*Aim of the exercise*. Every record must come back unchanged, apart from the pictures, which are dropped.

*Records for processing*.
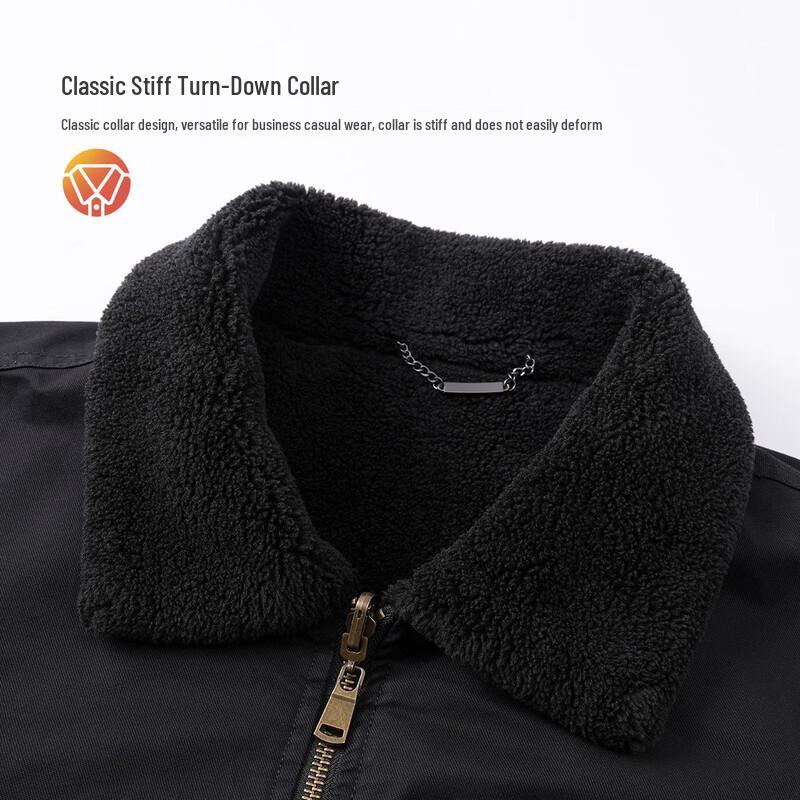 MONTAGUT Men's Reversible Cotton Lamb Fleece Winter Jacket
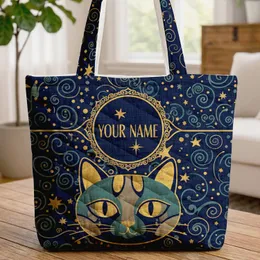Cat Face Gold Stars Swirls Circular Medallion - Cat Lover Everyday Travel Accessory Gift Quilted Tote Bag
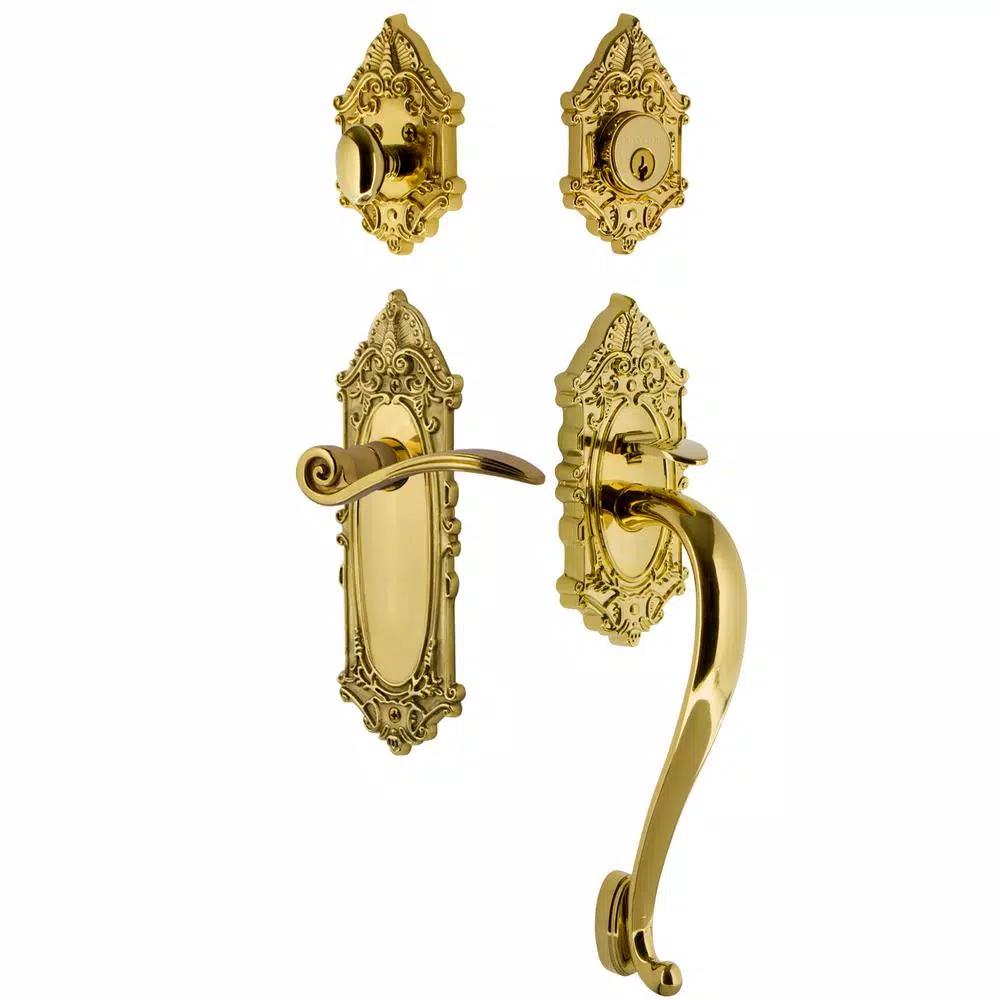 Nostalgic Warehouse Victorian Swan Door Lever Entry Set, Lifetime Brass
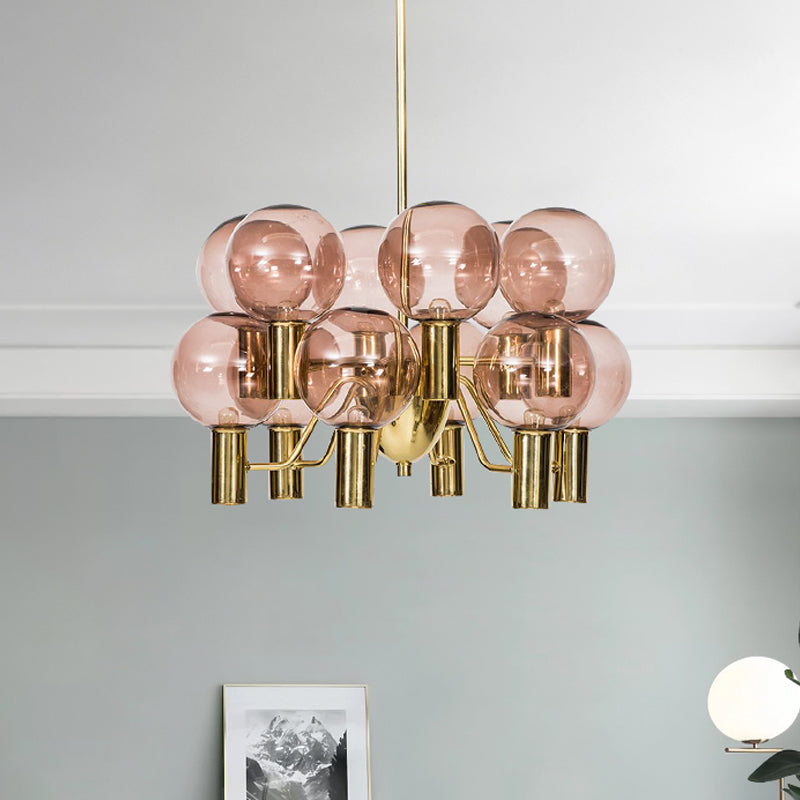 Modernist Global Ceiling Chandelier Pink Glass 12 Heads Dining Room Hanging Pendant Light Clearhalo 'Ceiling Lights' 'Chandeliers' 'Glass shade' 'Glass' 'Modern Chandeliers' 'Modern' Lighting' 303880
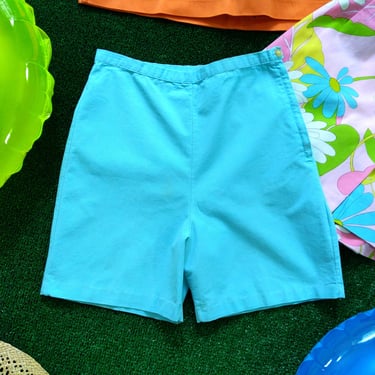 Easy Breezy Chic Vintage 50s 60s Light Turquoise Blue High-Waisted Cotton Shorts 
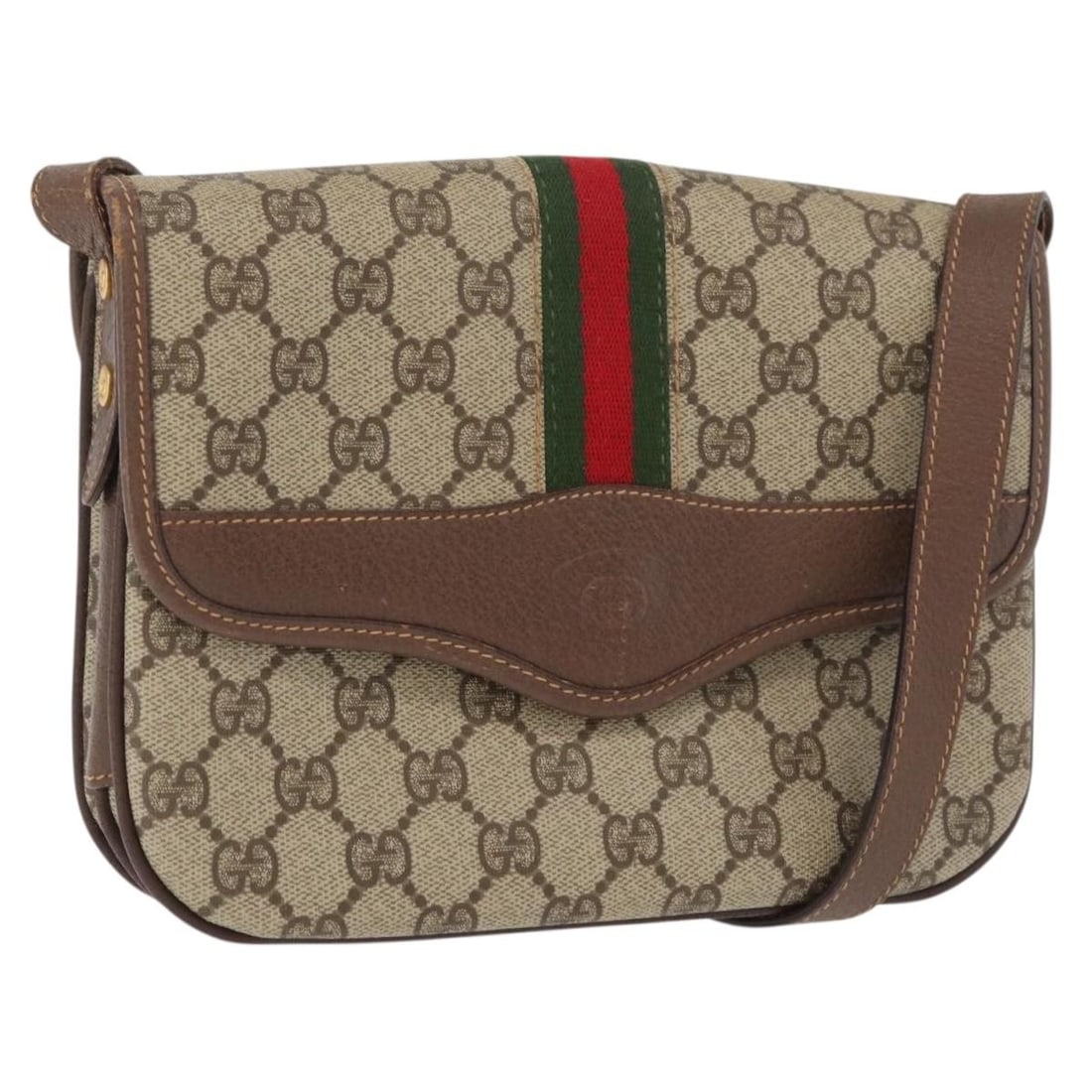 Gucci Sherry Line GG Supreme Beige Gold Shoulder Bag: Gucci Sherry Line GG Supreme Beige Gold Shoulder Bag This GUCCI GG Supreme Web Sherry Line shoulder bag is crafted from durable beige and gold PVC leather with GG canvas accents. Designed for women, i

*The completed task*.
 MONTAGUT Men's Reversible Cotton Lamb Fleece Winter Jacket
Cat Face Gold Stars Swirls Circular Medallion - Cat Lover Everyday Travel Accessory Gift Quilted Tote Bag
 Nostalgic Warehouse Victorian Swan Door Lever Entry Set, Lifetime Brass
 Modernist Global Ceiling Chandelier Pink Glass 12 Heads Dining Room Hanging Pendant Light Clearhalo 'Ceiling Lights' 'Chandeliers' 'Glass shade' 'Glass' 'Modern Chandeliers' 'Modern' Lighting' 303880
 Easy Breezy Chic Vintage 50s 60s Light Turquoise Blue High-Waisted Cotton Shorts 
 Gucci Sherry Line GG Supreme Beige Gold Shoulder Bag: Gucci Sherry Line GG Supreme Beige Gold Shoulder Bag This GUCCI GG Supreme Web Sherry Line shoulder bag is crafted from durable beige and gold PVC leather with GG canvas accents. Designed for women, i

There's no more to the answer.